Researchers from NSU and the Institute of Archaeology and Ethnography SB RAS, who excavated the Strashnaya Cave in the Altai region, Russia, during the 2015 field season, found some anthropological materials (calcius) referring to the period of 35-50 thousand years ago. The materials might unveil some interactions between Neanderthals, modern humans and Denisovans in the Altai Region.
Previously found artefacts of this age were only lithic tools, whose analysis suggested the cave’s inhabitants. The anthropological remains found are yet to be studied in the laboratory. They can either confirm the existing theories of anthropogenesis or make researchers adjust them. The first results of the archaeological expedition are reported by the Chairperson of the Archaeology and Ethnography Chair at the Humanities Department of NSU, Dr. Andrey Krivoshapkin.
The Strashnaya Cave is located on the left bank of the River Inya, 2.5km to the north of the village Tigirek (the Altai region). The cave is of great interest for paleontologists and archaeologists. Previous excavations revealed some tools as old as the Stone Age together with different objects such as bone items and ceramic materials belonging to the Bronze Age, Iron Age and Middle Ages.
‘This year was lucky for archaeologists,’ says the scientist. ‘While excavating the Pleistocene layers in the Strashnaya Cave, we found some new anthropological materials. The layer dated 35-40 thousand years old contained a fragment of a human’s nail-bone. A bit lower, we found a fragment of a skull and still lower a fragment of a rib, which could have belonged to a human, but we have to make certain it is so according to the laboratory analysis.
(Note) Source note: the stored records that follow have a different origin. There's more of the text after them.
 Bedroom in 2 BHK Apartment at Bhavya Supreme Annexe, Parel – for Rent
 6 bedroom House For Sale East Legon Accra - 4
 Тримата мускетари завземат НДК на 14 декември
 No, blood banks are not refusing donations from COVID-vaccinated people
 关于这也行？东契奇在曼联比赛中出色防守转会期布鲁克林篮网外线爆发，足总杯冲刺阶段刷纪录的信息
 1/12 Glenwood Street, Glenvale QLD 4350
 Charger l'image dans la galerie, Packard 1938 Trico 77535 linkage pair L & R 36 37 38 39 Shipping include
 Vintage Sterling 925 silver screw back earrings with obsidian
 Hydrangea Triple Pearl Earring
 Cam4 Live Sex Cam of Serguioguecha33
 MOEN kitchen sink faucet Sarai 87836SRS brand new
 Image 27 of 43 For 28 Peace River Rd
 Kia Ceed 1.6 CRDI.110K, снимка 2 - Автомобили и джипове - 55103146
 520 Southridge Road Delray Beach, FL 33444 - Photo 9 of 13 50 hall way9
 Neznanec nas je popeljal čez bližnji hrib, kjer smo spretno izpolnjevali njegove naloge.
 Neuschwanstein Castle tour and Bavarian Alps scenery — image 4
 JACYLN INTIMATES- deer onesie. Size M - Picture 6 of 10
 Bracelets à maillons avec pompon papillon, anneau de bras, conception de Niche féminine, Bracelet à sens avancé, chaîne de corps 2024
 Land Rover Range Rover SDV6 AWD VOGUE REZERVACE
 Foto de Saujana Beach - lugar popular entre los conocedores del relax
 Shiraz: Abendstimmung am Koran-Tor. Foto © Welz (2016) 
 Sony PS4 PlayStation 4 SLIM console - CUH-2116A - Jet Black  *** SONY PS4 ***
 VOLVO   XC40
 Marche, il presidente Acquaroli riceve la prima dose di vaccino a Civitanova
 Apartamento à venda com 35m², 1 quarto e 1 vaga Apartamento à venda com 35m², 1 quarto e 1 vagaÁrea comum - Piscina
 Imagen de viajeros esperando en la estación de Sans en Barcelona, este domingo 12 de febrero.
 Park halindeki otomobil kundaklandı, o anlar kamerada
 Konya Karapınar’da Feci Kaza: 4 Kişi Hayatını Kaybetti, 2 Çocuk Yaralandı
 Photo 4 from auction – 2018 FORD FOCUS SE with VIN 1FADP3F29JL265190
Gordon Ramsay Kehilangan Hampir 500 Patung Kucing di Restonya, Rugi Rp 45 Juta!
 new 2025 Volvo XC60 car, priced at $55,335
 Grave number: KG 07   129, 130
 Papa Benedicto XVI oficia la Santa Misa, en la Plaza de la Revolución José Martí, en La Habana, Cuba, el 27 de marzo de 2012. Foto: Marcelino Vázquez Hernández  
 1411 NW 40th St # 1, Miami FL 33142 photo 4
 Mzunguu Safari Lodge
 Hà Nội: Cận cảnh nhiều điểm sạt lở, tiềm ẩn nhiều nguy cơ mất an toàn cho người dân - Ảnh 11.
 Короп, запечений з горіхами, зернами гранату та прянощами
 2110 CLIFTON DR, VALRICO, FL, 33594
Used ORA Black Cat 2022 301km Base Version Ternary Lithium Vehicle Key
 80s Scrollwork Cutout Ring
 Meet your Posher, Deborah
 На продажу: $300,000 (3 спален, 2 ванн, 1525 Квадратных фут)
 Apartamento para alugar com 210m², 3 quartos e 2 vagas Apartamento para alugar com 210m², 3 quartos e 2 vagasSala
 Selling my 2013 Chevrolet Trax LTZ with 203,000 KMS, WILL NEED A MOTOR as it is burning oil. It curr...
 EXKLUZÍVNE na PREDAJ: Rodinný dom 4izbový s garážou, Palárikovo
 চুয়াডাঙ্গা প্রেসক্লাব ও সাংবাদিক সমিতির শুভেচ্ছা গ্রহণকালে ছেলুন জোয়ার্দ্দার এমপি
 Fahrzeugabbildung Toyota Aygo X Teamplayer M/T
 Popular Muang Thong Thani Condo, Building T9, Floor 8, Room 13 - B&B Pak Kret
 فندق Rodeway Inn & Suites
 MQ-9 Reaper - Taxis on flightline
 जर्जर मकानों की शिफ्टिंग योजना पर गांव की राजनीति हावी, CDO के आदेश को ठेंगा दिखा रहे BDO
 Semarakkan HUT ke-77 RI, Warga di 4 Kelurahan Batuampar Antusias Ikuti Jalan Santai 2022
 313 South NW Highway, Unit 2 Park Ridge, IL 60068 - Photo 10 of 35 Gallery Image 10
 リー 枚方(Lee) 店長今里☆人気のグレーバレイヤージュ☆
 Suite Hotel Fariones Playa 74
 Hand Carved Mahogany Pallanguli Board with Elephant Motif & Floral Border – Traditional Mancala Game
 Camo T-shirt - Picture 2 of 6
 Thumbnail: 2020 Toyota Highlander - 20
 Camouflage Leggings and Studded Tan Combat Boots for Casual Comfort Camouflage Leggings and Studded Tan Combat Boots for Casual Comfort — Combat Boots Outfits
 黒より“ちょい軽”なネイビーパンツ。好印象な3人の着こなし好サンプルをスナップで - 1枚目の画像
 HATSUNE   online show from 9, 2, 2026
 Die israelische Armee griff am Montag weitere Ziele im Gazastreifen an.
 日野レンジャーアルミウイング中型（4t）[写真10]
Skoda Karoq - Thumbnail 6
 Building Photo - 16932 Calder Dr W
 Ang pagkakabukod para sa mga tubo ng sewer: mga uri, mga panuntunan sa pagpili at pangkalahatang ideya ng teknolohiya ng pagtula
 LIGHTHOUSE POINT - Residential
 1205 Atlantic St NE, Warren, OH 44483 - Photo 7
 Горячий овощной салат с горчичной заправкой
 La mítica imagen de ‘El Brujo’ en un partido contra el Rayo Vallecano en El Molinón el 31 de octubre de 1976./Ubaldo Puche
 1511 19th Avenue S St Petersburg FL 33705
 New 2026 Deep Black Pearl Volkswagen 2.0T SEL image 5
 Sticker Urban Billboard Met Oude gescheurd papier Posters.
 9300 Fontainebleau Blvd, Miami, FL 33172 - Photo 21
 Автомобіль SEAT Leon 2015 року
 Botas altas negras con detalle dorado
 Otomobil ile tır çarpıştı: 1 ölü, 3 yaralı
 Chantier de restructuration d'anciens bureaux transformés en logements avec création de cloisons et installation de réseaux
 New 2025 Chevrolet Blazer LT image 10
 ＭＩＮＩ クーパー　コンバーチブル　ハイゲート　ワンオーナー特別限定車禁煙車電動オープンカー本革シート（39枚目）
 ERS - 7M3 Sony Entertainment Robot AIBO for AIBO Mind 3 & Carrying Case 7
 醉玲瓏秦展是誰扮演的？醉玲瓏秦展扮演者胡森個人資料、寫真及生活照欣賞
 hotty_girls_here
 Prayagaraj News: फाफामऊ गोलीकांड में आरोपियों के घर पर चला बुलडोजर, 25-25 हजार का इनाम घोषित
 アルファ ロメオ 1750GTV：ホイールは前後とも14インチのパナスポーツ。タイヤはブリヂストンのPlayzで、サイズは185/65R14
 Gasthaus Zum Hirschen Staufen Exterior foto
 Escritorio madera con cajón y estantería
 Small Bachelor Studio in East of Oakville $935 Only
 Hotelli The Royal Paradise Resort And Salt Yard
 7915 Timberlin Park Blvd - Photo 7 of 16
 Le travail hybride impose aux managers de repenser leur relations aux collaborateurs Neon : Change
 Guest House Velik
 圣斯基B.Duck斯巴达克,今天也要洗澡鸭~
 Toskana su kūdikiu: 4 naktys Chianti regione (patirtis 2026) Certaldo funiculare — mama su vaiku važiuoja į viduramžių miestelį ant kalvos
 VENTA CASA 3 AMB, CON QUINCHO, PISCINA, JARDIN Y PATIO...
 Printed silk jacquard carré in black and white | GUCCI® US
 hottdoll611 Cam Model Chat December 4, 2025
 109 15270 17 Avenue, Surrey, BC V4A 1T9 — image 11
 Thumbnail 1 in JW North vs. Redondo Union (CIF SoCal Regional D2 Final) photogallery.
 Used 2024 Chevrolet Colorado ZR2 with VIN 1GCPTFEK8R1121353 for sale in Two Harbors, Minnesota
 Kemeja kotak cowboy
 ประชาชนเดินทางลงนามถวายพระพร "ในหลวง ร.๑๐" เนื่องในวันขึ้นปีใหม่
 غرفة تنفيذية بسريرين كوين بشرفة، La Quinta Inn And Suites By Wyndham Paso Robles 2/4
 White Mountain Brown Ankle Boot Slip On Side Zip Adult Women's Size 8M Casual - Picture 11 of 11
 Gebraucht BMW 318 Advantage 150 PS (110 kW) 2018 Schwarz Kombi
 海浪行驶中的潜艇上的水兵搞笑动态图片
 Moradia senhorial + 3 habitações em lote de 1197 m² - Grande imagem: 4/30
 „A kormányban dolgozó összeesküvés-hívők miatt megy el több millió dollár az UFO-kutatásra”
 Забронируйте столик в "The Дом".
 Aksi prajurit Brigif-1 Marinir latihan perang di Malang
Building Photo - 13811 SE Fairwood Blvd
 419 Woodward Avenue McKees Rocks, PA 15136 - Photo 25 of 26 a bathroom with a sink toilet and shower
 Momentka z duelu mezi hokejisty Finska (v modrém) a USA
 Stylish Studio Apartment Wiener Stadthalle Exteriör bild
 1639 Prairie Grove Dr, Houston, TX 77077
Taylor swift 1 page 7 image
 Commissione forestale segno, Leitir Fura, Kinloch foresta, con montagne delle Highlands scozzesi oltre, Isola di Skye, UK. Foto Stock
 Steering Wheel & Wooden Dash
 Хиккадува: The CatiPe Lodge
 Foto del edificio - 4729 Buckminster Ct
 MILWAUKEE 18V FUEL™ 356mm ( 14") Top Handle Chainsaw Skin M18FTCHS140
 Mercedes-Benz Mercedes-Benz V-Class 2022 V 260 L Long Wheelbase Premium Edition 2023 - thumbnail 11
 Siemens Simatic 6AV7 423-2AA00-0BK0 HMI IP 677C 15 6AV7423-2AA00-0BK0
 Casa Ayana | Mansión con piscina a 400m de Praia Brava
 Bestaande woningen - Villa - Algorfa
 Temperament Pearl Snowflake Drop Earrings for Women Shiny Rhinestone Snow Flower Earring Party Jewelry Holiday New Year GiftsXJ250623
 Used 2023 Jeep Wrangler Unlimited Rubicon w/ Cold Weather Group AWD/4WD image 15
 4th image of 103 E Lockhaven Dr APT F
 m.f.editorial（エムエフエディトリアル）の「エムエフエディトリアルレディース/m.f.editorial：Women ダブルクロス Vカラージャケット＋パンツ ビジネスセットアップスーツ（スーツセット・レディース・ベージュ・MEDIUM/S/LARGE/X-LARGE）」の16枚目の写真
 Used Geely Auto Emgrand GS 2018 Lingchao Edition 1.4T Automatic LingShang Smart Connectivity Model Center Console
The latter findings might be as old as 50 thousand years.’
If the bone materials discovered contain some organics, genetic analysis will allow identifying whose bones they were. In 1989 some anthropological remains were found in the cave (teeth of a modern human), but they were connected with a later stage of the Upper Paleolithic, about 20 thousand years ago.
‘Ideally, we would like to see the upper layer (the nail-bone) connected with a modern human having some genes of the Neanderthals and the Denisovans; beneath it the Neanderthal man as the tools found look like those of the Chagyrskaya Cave industry, which are definitely Neanderthal; and the oldest fragment be of a Denisovan. But it’s just my fantasy. The results of the genetic research can be surprising. Anyway, they will clarify the issue of interactions between Neanderthals, modern humans and Denisovans in the Altai Region,’ said Dr. Andrey Krivoshapkin.